The new Town Center Master Plan took another step forward following a public open house Monday, June 26 at Clackamas Community College. A mix of city staff, Town Center Task Force members and a small handful of community members — totaling roughly 35 people — came together to give input on desirable amenities as well as design preferences.
Working with MIG, Inc., DKS Consulting Group and Leland Consulting Group, Wilsonville is in the process of updating its Town Center Master Plan for the first time since 1978. The city settled on a vision statement in May — which calls for Town Center serving as the hub and "heart of Wilsonville" — but is still in the design stages of the plan. Wilsonville Long-range Planning Manager Miranda Bateschell and MIG Lead Consultant Chris Beynon led Monday's meeting in the hopes of furthering information gathered from an earlier survey in May.
The pair led the group through two separate activities to collect data as well as show the community potential options. Bateschell said information from Monday's meeting will help in the creation of a second city-wide survey that will be released to the public in late July and remain open through Aug. 20.
"We have a great vision statement right now and the next step is seeing what that looks like on the ground," Bateschell said.

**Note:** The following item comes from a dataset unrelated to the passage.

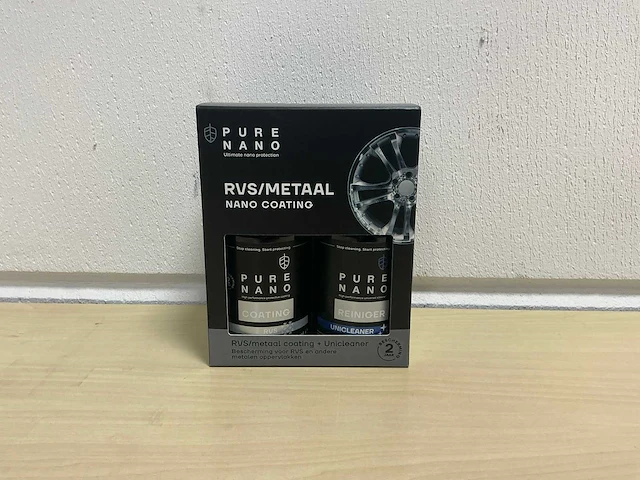Pure nano rvs/metaal coating en unicleaner (140 stuks) - afbeelding 1 van  4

"This whole exercise is about what kind of community we want to live in for the future — what kind of community do we want for our kids, grandkids, and people yet to come?" Mayor Tim Knapp said before the open house. "What are the amenities, the social implications, what's the commerce, and how is it all going to work together?"
Beynon said it was clear from prior community input that residents want Town Center to be the focal point of Wilsonville, but that it should also be unique and stand out from neighboring cities.

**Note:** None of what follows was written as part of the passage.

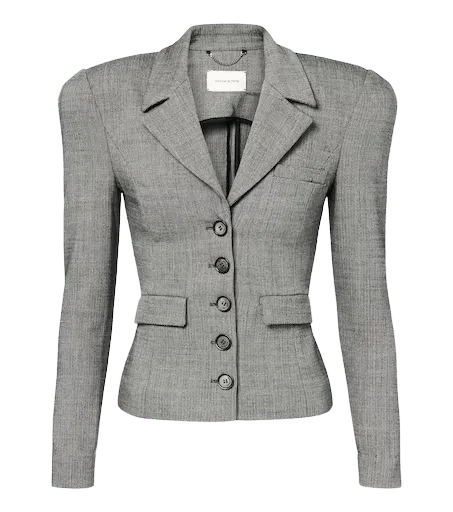 Herringbone wool-blend jacket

"We heard from our kick-off event that it's hard to walk around Town Center; a lot of the existing businesses don't have great visibility and are kind of tucked back in strip center type hours, and I-5 is a barrier to cross that kind of splits the community," Beynon said. "We heard that there wasn't enough variety of restaurants and variety of stores in Town Center, and the idea that we don't necessarily want cookie-cutter. We want a place that feels unique to Wilsonville and who we are. We heard that — in terms of stores and restaurants — small, independent and local places are preferred to large chains."
Beynon displayed photos of different types of bike lanes and storefront designs to gauge their opinions. Audience members used clickers to vote on their preferences. Popular opinions included the topic of bike lanes, with 48 percent of people saying they wanted more bike lanes and 32 percent voting that it was worth considering. Participants preferred a sidewalk that included a separate walking and biking path, however, with 68 percent voting "I really like it."
In terms of parks and plazas, the audience was particularly interested in nature integration and green spaces — 74 percent said they really liked the idea and 20 percent said it was worth considering — and also wanted multigenerational activities like outdoor table tennis and chess (73 percent voted "I really like it").
While the group was mostly like-minded on slides shown by Beynon, there was some minor disagreement about the idea of food carts in Wilsonville. Altogether, 34 percent voted "I really like it," compared to 37 percent for "worth considering" and 26 percent who said "I don't like it." Some felt that food carts were good for local business-minded people while others thought food carts as a whole are a trend that will soon go out of style.
While the information was helpful, Beynon said his group won't take feeback as a representation of the entire community. The open house meeting was meant to show community members potential options and ways in which Wilsonville can util-ize the 100-acre Town Center area.
"The more information we gather the better we're able to define what makes Wilsonville Wilsonville," Beynon said.
Following the interactive polling, open house participants broke into small groups to create their ideal town center using a map that was to scale. The activity helped citizens get a sense of how the various design aspects they enjoy work in terms of space, as well as providing additional information for MIG and city staff.
"That activity allows us to see where people would put buildings and how tall they'd want them, and then there are mobility factors too, like what people want bike lanes to look like on the roads," Bateschell said. "It's a chance for them to see what this all could actually look like on a map of Town Center."
Following the meeting, Bateschell and her staff will now focus on preparing their next survey, which is expected to go live on the city's website July 28.